US immigration authorities have detained almost 2,000 children in the past six weeks, which may cause them irreparable harm with lifelong consequences, said Zeid Ra’ad al-Hussein, the UN high commissioner for human rights. He cited an observation by the president of the American Association of Pediatrics that locking the children up separately from their parents constituted “government-sanctioned child abuse”.

"The thought that any state would seek to deter parents by inflicting such abuse on children is unconscionable," said Mr al-Hussein.
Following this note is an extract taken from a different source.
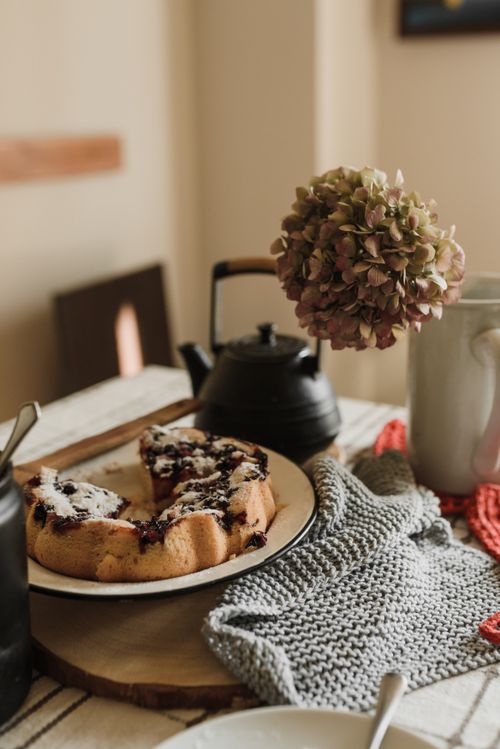 Free Warm, inviting scene of homemade blueberry cake and tea, perfect for an autumn afternoon. Stock Photo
His intervention added to an escalating chorus of condemnation from people across the political spectrum in the United States, including former first lady Laura Bush, who called the separations "cruel" and "immoral." But Mr al-Hussein risked retaliation by the Trump administration, widely believed to be pondering pulling out from the UN Human Rights Council in Geneva.

US president Donald Trump turned to Twitter early Monday to blame Democrats for the current situation: "Why don't the Democrats give us the votes to fix the world's worst immigration laws?" he wrote. "We don't want what is happening with immigration in Europe to happen with us!" he added in a separate tweet. The high commissioner's office had already condemned the practice of separating children from their parents this month, calling it a serious violation of children's rights and international law. That drew an angry rebuke from US ambassador to the UN Nikki Haley who accused the agency of ignorance and hypocrisy.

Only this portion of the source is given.